--- Supplied data ---

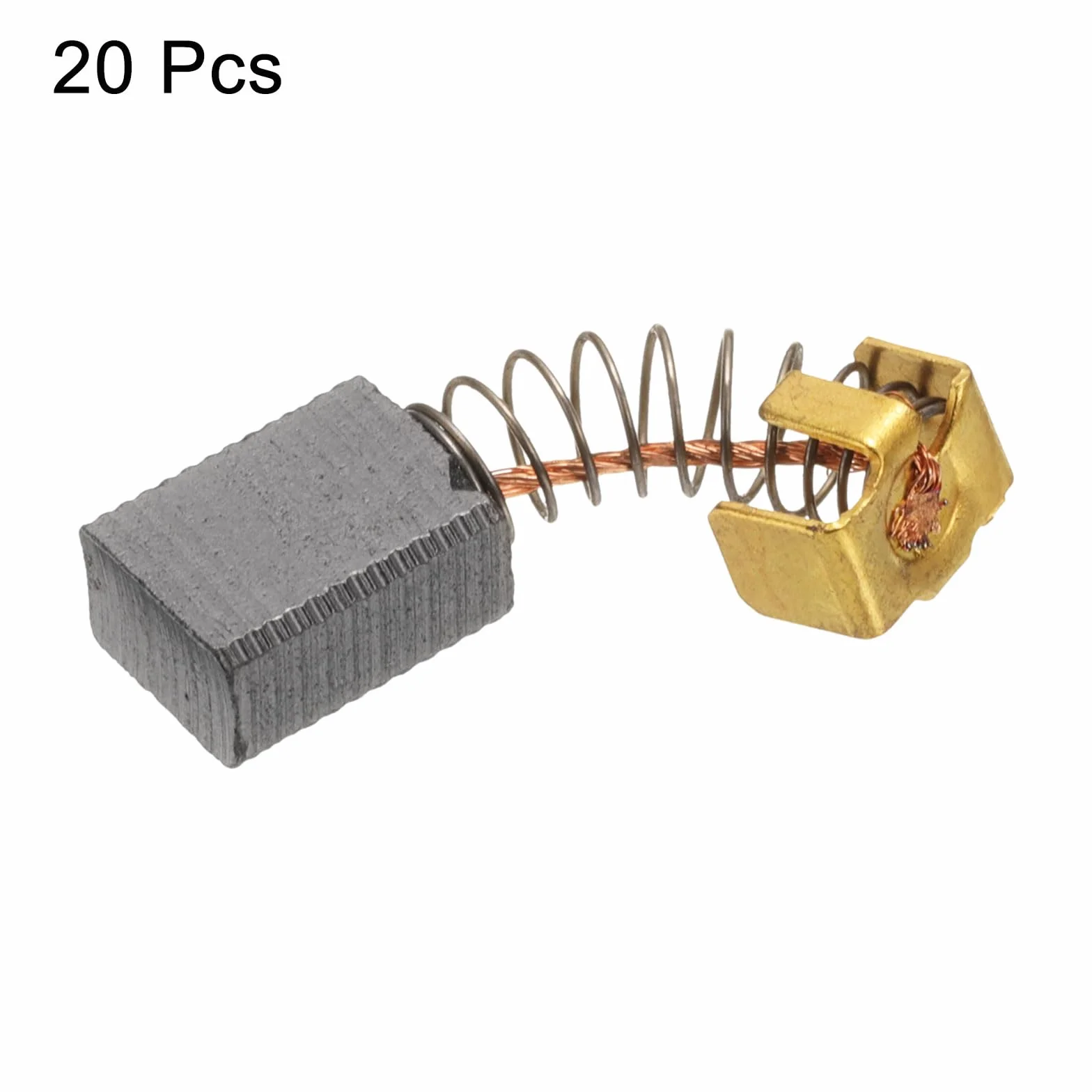 QUARKZMAN 20 szt. Szczotki węglowe 12mm x 8mm x 5mm Szczotki Do Szlifierki 64# Części Zamienne do silników Elektrycznych Narzędzie Obrotowe Polerka Szlifierka Szczotki Do Naprawy narzędzia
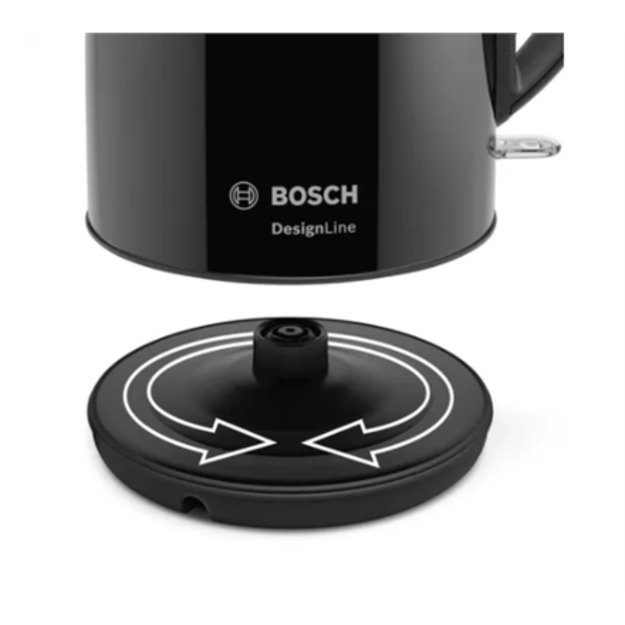 Bosch | Kettle | DesignLine TWK3P423 | Electric | 2400 W | 1.7 L | Stainless steel | 360° rotational base | Jet black polished 3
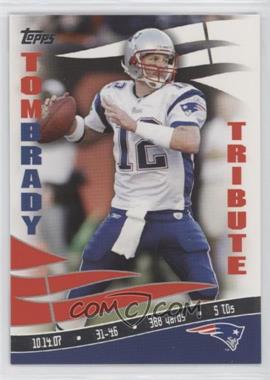 2008 Topps - Target Tom Brady Tribute #TBT-TB6 - Tom Brady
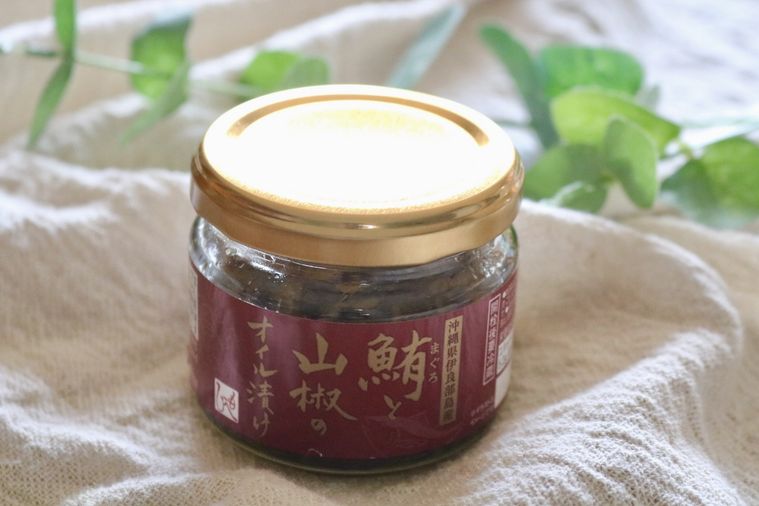 鮪と山椒のオイル漬けのパッケージ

---

▸ **About this exercise**:
Using the material above, restate word for word the lines from the line that has "2008 Topps - Target" to the last line, inclusive, with pictures omitted.

▸ **Output below**:
 2008 Topps - Target Tom Brady Tribute #TBT-TB6 - Tom Brady
 鮪と山椒のオイル漬けのパッケージ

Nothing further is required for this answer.